Web page caption snippets:

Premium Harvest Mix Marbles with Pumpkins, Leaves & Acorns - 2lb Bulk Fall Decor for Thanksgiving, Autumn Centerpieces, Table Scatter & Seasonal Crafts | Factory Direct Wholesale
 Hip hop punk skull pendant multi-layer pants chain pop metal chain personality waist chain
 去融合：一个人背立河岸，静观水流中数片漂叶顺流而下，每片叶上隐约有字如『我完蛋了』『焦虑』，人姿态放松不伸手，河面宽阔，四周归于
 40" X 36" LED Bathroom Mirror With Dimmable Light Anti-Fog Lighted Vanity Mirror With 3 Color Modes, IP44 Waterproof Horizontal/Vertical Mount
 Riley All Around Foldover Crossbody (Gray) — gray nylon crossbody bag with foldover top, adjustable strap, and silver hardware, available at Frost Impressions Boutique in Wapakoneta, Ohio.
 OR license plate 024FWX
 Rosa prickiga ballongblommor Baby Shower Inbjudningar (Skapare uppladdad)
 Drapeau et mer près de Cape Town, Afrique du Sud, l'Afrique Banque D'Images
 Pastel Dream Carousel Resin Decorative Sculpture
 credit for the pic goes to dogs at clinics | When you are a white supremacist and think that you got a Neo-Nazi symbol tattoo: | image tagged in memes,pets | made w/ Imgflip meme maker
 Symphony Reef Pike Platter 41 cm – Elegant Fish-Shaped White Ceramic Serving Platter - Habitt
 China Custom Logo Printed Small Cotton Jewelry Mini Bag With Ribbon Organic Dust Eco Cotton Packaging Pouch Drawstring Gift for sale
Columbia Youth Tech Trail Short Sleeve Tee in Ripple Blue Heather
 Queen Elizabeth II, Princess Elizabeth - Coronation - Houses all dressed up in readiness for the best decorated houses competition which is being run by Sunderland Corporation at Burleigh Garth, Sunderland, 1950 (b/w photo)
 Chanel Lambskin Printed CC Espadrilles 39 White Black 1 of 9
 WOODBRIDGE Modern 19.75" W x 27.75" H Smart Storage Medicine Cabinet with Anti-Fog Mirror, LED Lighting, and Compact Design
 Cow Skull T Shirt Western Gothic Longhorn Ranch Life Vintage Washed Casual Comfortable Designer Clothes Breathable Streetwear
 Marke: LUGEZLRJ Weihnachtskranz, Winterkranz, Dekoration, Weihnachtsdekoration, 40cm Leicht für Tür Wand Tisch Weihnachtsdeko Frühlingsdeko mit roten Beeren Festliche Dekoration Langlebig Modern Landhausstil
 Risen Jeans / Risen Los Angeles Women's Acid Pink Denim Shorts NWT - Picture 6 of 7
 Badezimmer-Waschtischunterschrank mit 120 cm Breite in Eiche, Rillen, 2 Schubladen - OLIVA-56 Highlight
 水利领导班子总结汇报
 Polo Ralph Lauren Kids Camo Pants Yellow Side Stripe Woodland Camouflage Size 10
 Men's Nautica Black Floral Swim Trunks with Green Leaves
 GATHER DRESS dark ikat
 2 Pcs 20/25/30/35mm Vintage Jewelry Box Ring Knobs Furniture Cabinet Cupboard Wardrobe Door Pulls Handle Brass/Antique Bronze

WHAT TO WORK ON>
Repeat all of the records above exactly as written.

TASK RESULT>
Premium Harvest Mix Marbles with Pumpkins, Leaves & Acorns - 2lb Bulk Fall Decor for Thanksgiving, Autumn Centerpieces, Table Scatter & Seasonal Crafts | Factory Direct Wholesale
 Hip hop punk skull pendant multi-layer pants chain pop metal chain personality waist chain
 去融合：一个人背立河岸，静观水流中数片漂叶顺流而下，每片叶上隐约有字如『我完蛋了』『焦虑』，人姿态放松不伸手，河面宽阔，四周归于
 40" X 36" LED Bathroom Mirror With Dimmable Light Anti-Fog Lighted Vanity Mirror With 3 Color Modes, IP44 Waterproof Horizontal/Vertical Mount
 Riley All Around Foldover Crossbody (Gray) — gray nylon crossbody bag with foldover top, adjustable strap, and silver hardware, available at Frost Impressions Boutique in Wapakoneta, Ohio.
 OR license plate 024FWX
 Rosa prickiga ballongblommor Baby Shower Inbjudningar (Skapare uppladdad)
 Drapeau et mer près de Cape Town, Afrique du Sud, l'Afrique Banque D'Images
 Pastel Dream Carousel Resin Decorative Sculpture
 credit for the pic goes to dogs at clinics | When you are a white supremacist and think that you got a Neo-Nazi symbol tattoo: | image tagged in memes,pets | made w/ Imgflip meme maker
 Symphony Reef Pike Platter 41 cm – Elegant Fish-Shaped White Ceramic Serving Platter - Habitt
 China Custom Logo Printed Small Cotton Jewelry Mini Bag With Ribbon Organic Dust Eco Cotton Packaging Pouch Drawstring Gift for sale
Columbia Youth Tech Trail Short Sleeve Tee in Ripple Blue Heather
 Queen Elizabeth II, Princess Elizabeth - Coronation - Houses all dressed up in readiness for the best decorated houses competition which is being run by Sunderland Corporation at Burleigh Garth, Sunderland, 1950 (b/w photo)
 Chanel Lambskin Printed CC Espadrilles 39 White Black 1 of 9
 WOODBRIDGE Modern 19.75" W x 27.75" H Smart Storage Medicine Cabinet with Anti-Fog Mirror, LED Lighting, and Compact Design
 Cow Skull T Shirt Western Gothic Longhorn Ranch Life Vintage Washed Casual Comfortable Designer Clothes Breathable Streetwear
 Marke: LUGEZLRJ Weihnachtskranz, Winterkranz, Dekoration, Weihnachtsdekoration, 40cm Leicht für Tür Wand Tisch Weihnachtsdeko Frühlingsdeko mit roten Beeren Festliche Dekoration Langlebig Modern Landhausstil
 Risen Jeans / Risen Los Angeles Women's Acid Pink Denim Shorts NWT - Picture 6 of 7
 Badezimmer-Waschtischunterschrank mit 120 cm Breite in Eiche, Rillen, 2 Schubladen - OLIVA-56 Highlight
 水利领导班子总结汇报
 Polo Ralph Lauren Kids Camo Pants Yellow Side Stripe Woodland Camouflage Size 10
 Men's Nautica Black Floral Swim Trunks with Green Leaves
 GATHER DRESS dark ikat
 2 Pcs 20/25/30/35mm Vintage Jewelry Box Ring Knobs Furniture Cabinet Cupboard Wardrobe Door Pulls Handle Brass/Antique Bronze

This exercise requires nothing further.